Russia, on the other hand, is nowhere in sight. A day after Vladimir Putin’s troops invaded Ukraine, Eurovision banned Russia from competing this year.

The Eurovision song contest began in 1956, but Russia and Ukraine began to compete only after the end of the Cold War, in 1994 and 2003 respectively. Over the past decade and a half, their fraught relationship has frequently seeped into Eurovision. Ukraine’s entries, in particular, have been ripe with politics, said Vaughan Staples, the president of the UK chapter of OGAE, an international Eurovision fan club. “Russia has lots of avenues to showcase their prominence: the Olympics, say, or football,” said Staples, who has attended every Eurovision final since 2013. “Ukraine doesn’t often have those. Eurovision is the one venue where it can showcase a message.”

Here, then, is a chronology of Russia-Ukraine relations over the past 15-odd years, as exemplified by the politics of Eurovision songs:

2005Having made its Eurovision debut in 2003 and won the title the very next year, Ukraine fared poorly in 2005. But its song, a Ukrainian hip-hop anthem that translated into “Together we are many,” was originally written about the country’s contested 2004 presidential election. A Russian-backed candidate, Viktor Yanukovych, had first claimed victory, triggering the protests of the Orange Revolution and then a second round of voting, in which Yanukovych lost to the pro-European Viktor Yuschenko. To scrub the song clean of overt political references, as required by Eurovision, the band GreenJolly had to take out lines that mentioned Yuschenko directly. “Ever since that time,” Staples said, “there has been a move in that political direction. This is not a new thing.”

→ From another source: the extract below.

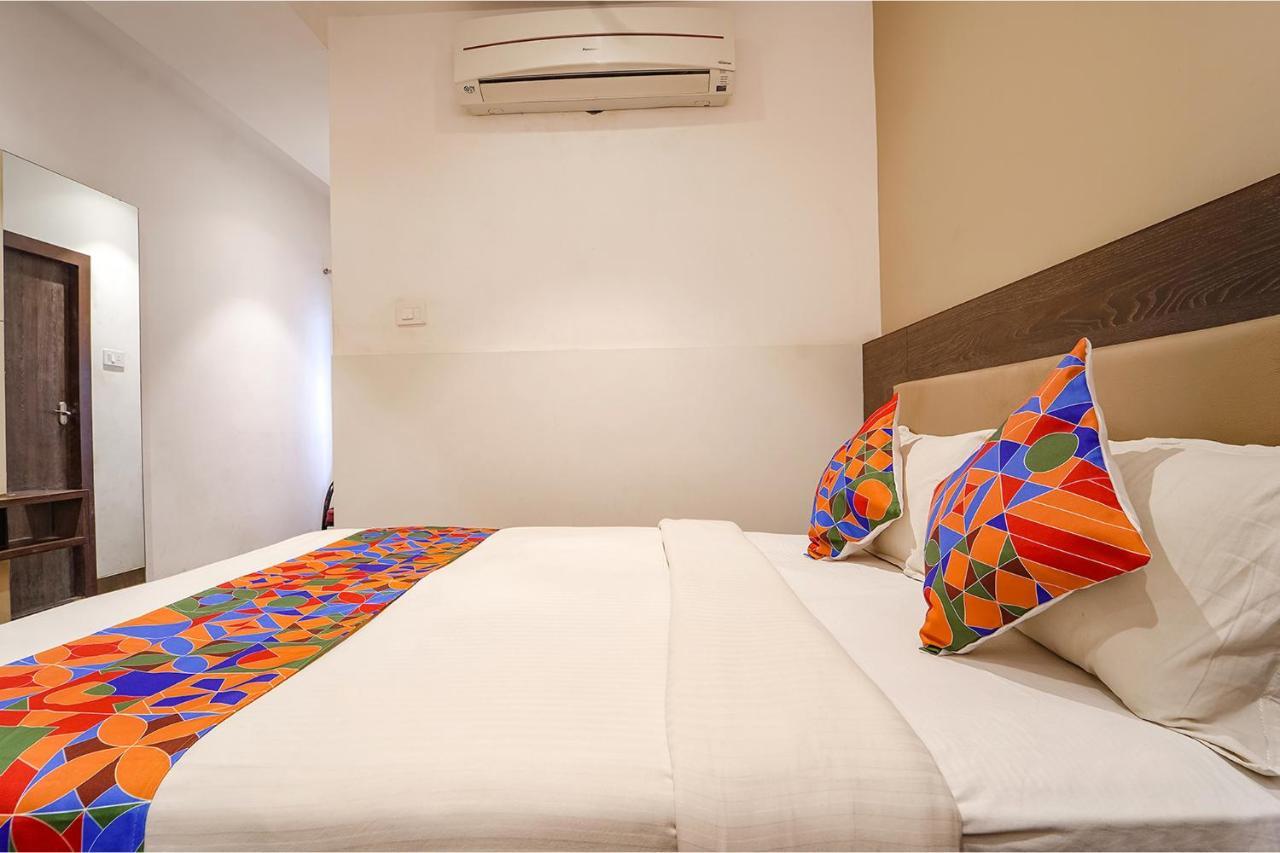 Hotel Fabhotel Karpagam - 900m From Nehru Stadium Coimbatore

2007In the final, the singer Verka Serduchka placed second with a song called “Dancing Lasha Tumbai.” Serduchka had maintained that the words “Lasha Tumbai” were Mongolian for “whipped cream,” but that turned out to be a ploy to smuggle some politics into the song. Not only does Mongolian have no such phrase, but the words also sounded remarkably like the Ukrainian for “Russia Goodbye.”

2014Russia annexed Crimea in the early spring of 2014, perhaps too late for Ukraine to send in a politically charged anthem by the mid-March submission deadline that year. But Staples, who went to the final, recalled plenty of booing for the Russian act called the Tolmachevy Sisters. (They ended up placing 7th, just a spot below Ukraine.) It wasn’t that the viewers didn’t appreciate the Russian song, Staples said. The booing was sparked by a Russian law criminalizing “gay propaganda,” passed in 2013. “The audience was very LGBTQ-friendly, very inclusive,” Staples said.  “The hostility towards Russia was very loud.”

2016In 2015, Ukraine didn’t take part in Eurovision. “We don’t want to do something badly, and we don’t have the money to do something well,” a representative from the state broadcaster told the BBC that year. In 2016, though, Ukraine came thundering back, winning the contest outright with a slow, mournful song called “1944.” It couldn’t have been a more pointed entry. The singer, Jamala, told the story of her great-grandmother’s deportation from Crimea, part of an ethnic cleansing of the peninsula ordered by Joseph Stalin in 1944. A furious Russia threatened to boycott the contest. If politics infiltrated Eurovision, a Russian foreign ministry spokesperson wrote on her Facebook wall, the next winner could well be the ongoing war in Syria—a country that doesn’t participate in Eurovision, but that was accused of benefiting from Russian aid in its attacks on its citizens. Sardonically, the spokesperson suggested lyrics to the song: “Assad blood, Assad worst. Give me prize, that we can host.”

2017When Ukraine hosted the 2017 Eurovision contest, Russia entered a vacuous song called “Flame is Burning,” to be performed by Yuliya Samoylova, a wheelchair-bound singer. “It was like Russia was trying to see what they could get away with by choosing her,” Staples said. It turned out that Samoylova was a vehement champion of Russian presence in Crimea. Further, the Security Service of Ukraine discovered that she had entered Crimea from Russia—the easiest way into the region, given it is controlled by Russia, but one that Ukraine deems an illegal violation of a Crimea-Russia border that rightfully ought to exist. As a result, Samoylova was barred from taking part. The Eurovision authorities offered to pipe her performance in remotely, but Russia declined and went on to officially withdraw from that year’s edition. The director general of the contest, Ingrid Deltenre, called Ukraine’s behavior “absolutely unacceptable.”

2018“Russia sent the same singer who would have gone in 2017,” Staples remembered. She failed even to qualify for the semi-final. “It was sad. The song was bad, and she wasn’t really able to perform. It was like this young woman was being used as a political pawn.”

2019Maruv, a Ukrainian singer, won the national selection for Eurovision 2019, but her numerous concerts in Russia prevented her from going on to the main competition in Tel Aviv. “Ukraine’s representative cannot be an artist who tours through the aggressor state, plans to do so in the future, and sees nothing unacceptable about this,” Vyacheslav Kyrylenko, Ukraine’s deputy prime minister, wrote on Twitter. Ukraine’s national broadcaster ruled that Maruv could represent her country only if she pulled out of all her Russian engagements. “She wasn’t willing to compromise her fan base in Russia, so she withdrew,” Staples said. To Ukraine’s surprise, the first and second runners-up declined these clauses as well. Ukraine ended up sending no entry to Eurovision 2019 at all.

2022This year, politics had reared its head even before Russia invaded Ukraine. After 2019, Ukraine had mandated that no musician who had visited Crimea from Russia could be eligible for its national selection. In 2022, a few days after the singer Alina Pash won a Ukraine-wide selection contest, a blogger claimed that Pash had forged the documentation for a trip to Crimea she’d taken in 2015. In the ensuing scandal, she pulled out. The runner-up, Kalush Orchestra, a group that fuses hip-hop and folk music, became Ukraine’s official entry to Eurovision 2022—and potentially, come Saturday, a triumphant entry at that.